Top of The input

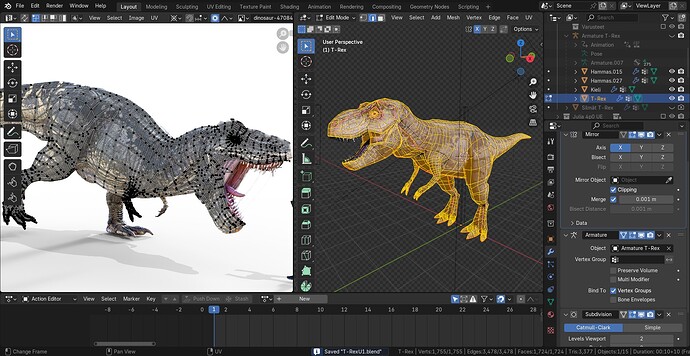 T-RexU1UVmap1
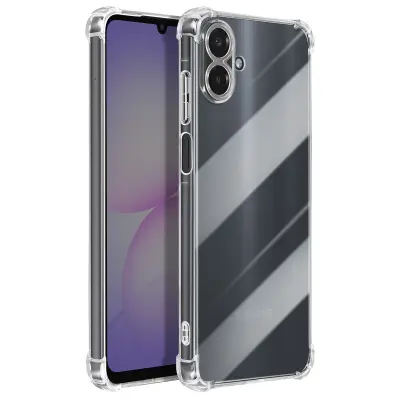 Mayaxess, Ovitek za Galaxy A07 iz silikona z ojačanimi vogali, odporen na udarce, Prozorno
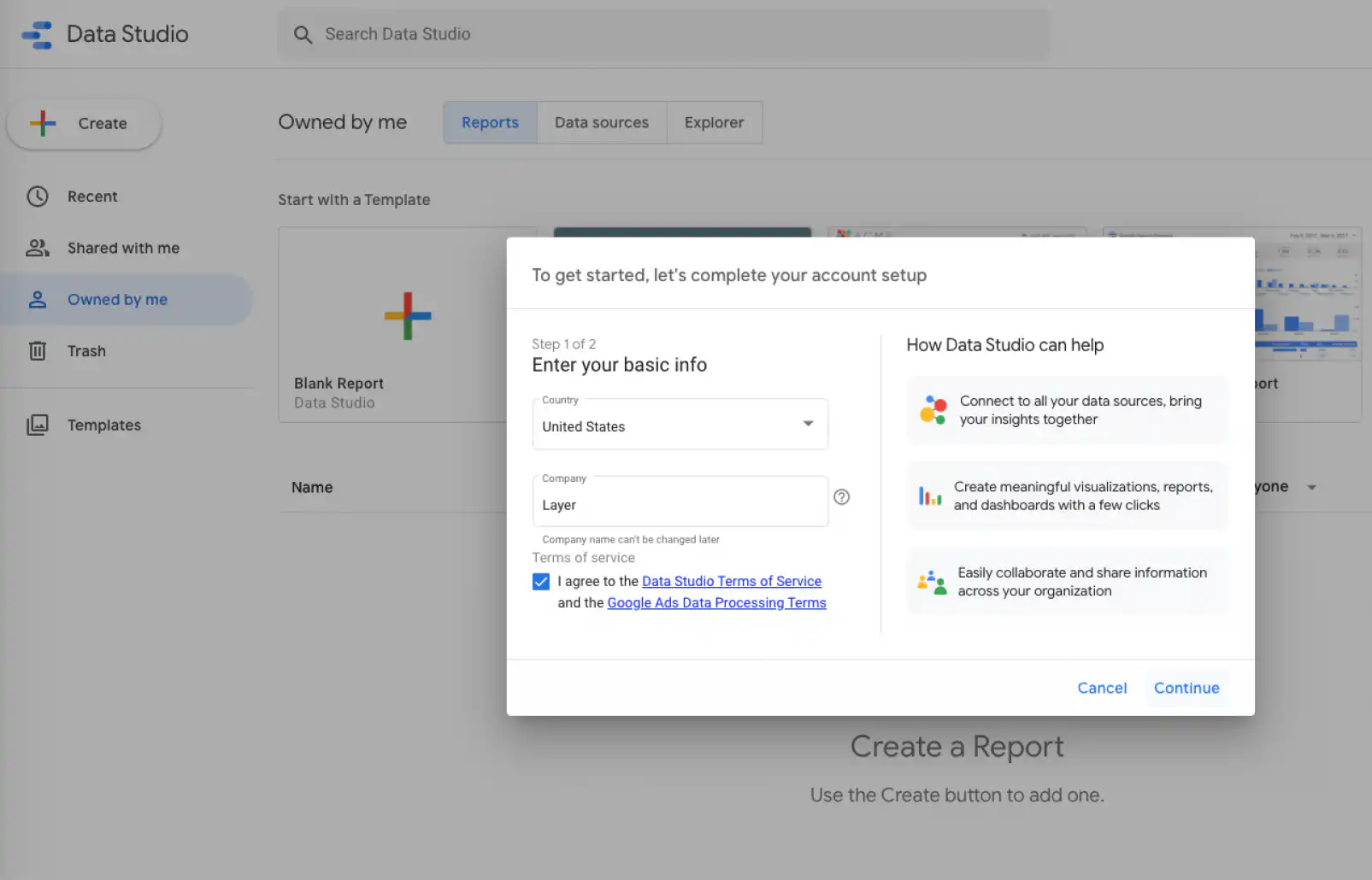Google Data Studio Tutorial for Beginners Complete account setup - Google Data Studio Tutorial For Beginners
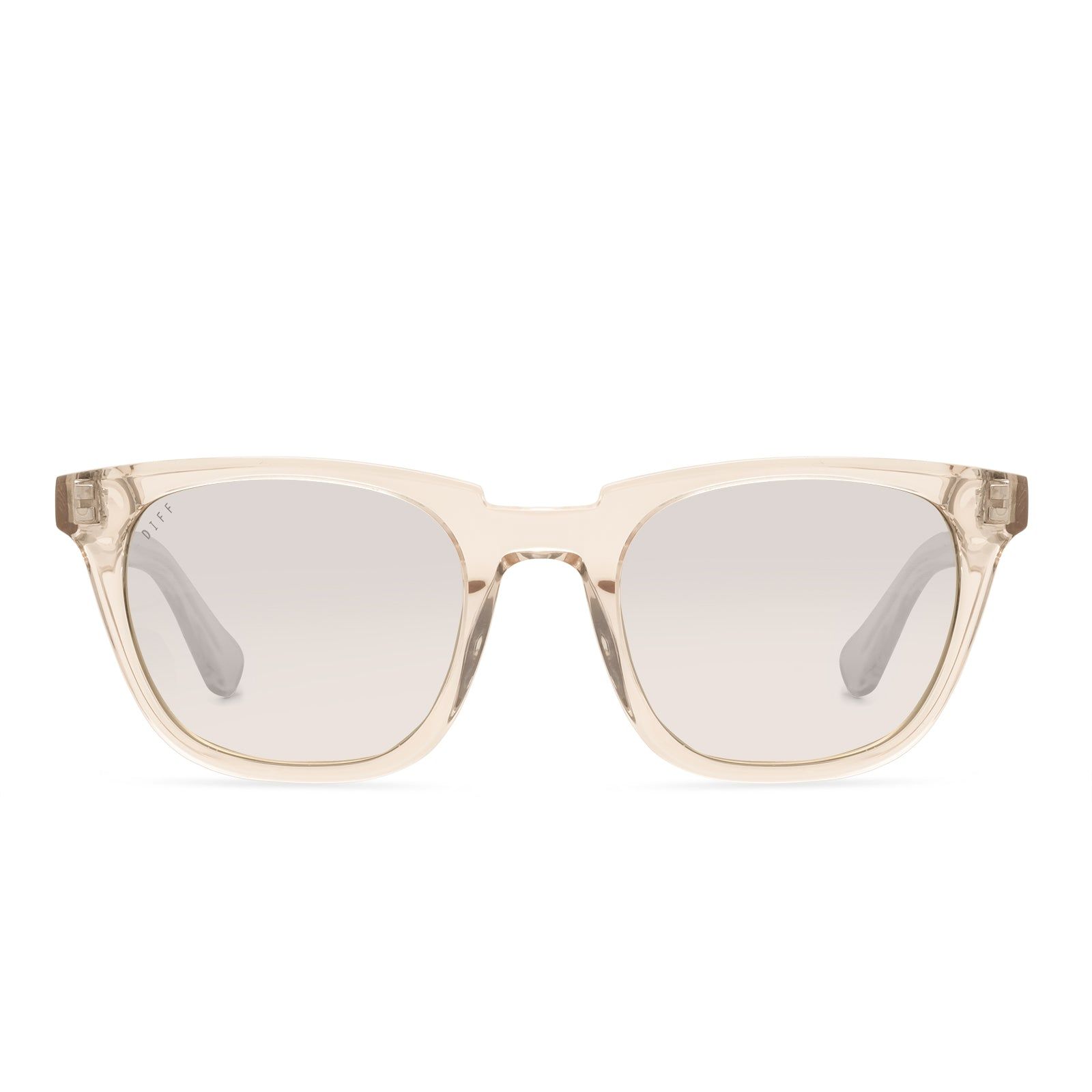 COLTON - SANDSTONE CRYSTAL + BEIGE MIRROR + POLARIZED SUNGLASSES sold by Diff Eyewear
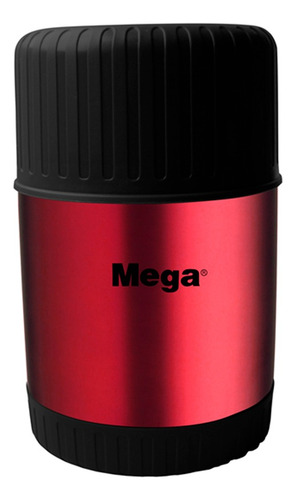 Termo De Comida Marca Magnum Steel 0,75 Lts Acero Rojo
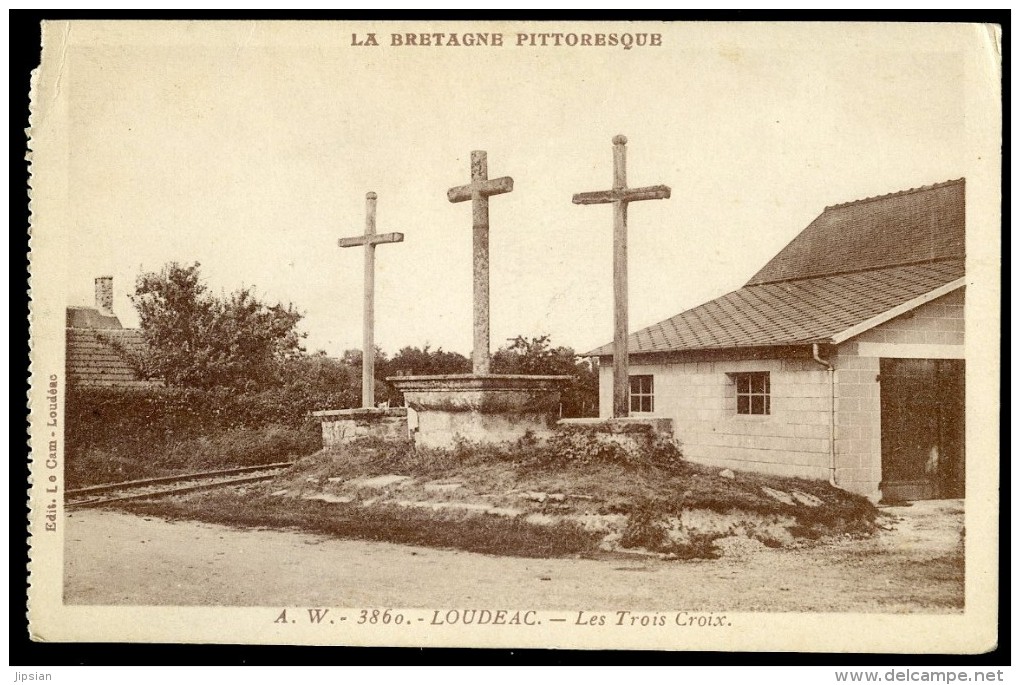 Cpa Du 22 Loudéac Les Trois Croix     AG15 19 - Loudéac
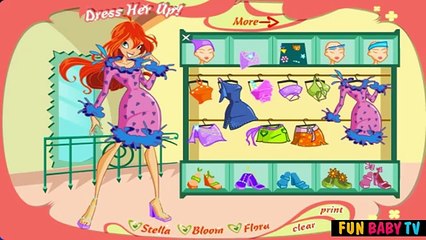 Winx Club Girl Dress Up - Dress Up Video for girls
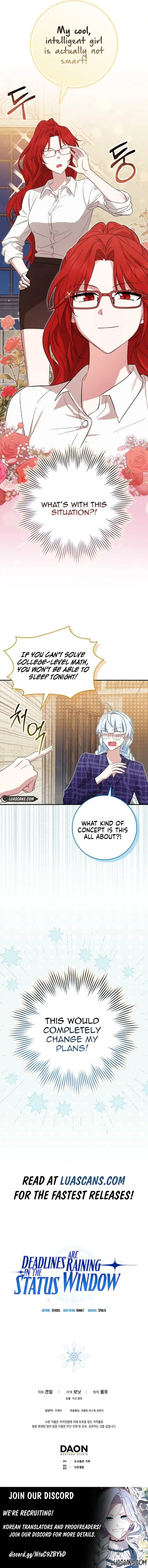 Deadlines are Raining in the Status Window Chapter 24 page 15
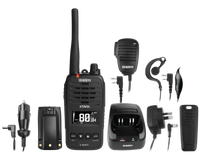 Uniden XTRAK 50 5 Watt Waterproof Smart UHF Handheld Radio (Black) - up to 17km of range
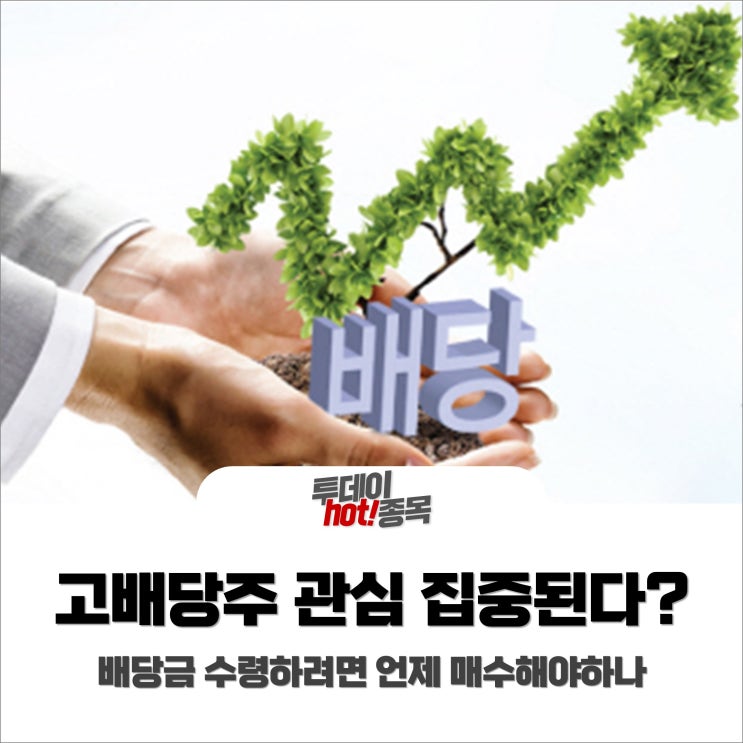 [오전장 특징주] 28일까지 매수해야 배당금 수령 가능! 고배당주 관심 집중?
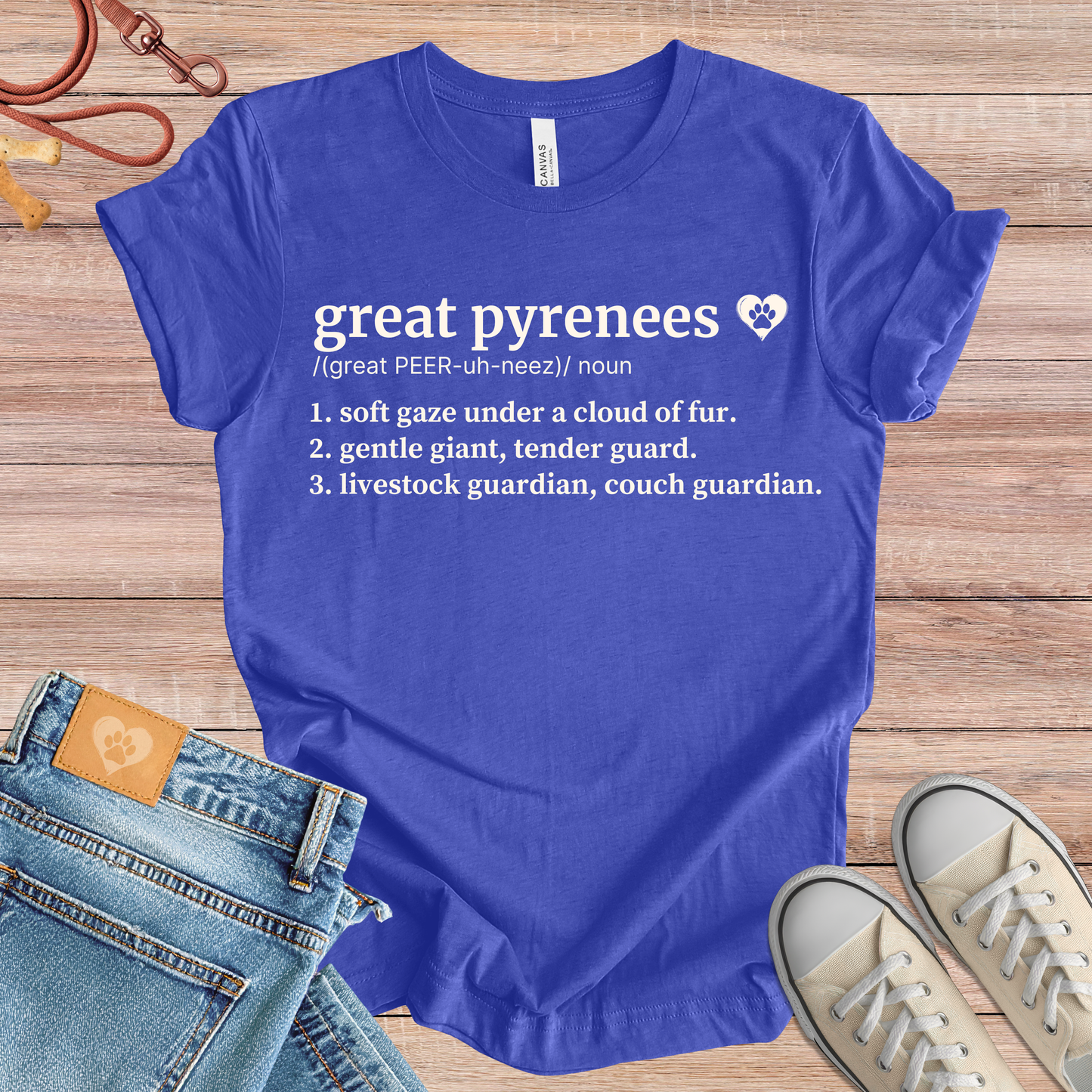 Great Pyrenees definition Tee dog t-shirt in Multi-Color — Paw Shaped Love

Bottom of The input

§ **Activity**: All the data above is to be transcribed exactly, with no pictures included.

§ **Answer for the task**:
 T-RexU1UVmap1
 Mayaxess, Ovitek za Galaxy A07 iz silikona z ojačanimi vogali, odporen na udarce, Prozorno
Google Data Studio Tutorial for Beginners Complete account setup - Google Data Studio Tutorial For Beginners
 COLTON - SANDSTONE CRYSTAL + BEIGE MIRROR + POLARIZED SUNGLASSES sold by Diff Eyewear
 Termo De Comida Marca Magnum Steel 0,75 Lts Acero Rojo
 Cpa Du 22 Loudéac Les Trois Croix     AG15 19 - Loudéac
 Winx Club Girl Dress Up - Dress Up Video for girls
 Deadlines are Raining in the Status Window Chapter 24 page 15
 Uniden XTRAK 50 5 Watt Waterproof Smart UHF Handheld Radio (Black) - up to 17km of range
 [오전장 특징주] 28일까지 매수해야 배당금 수령 가능! 고배당주 관심 집중?
 Great Pyrenees definition Tee dog t-shirt in Multi-Color — Paw Shaped Love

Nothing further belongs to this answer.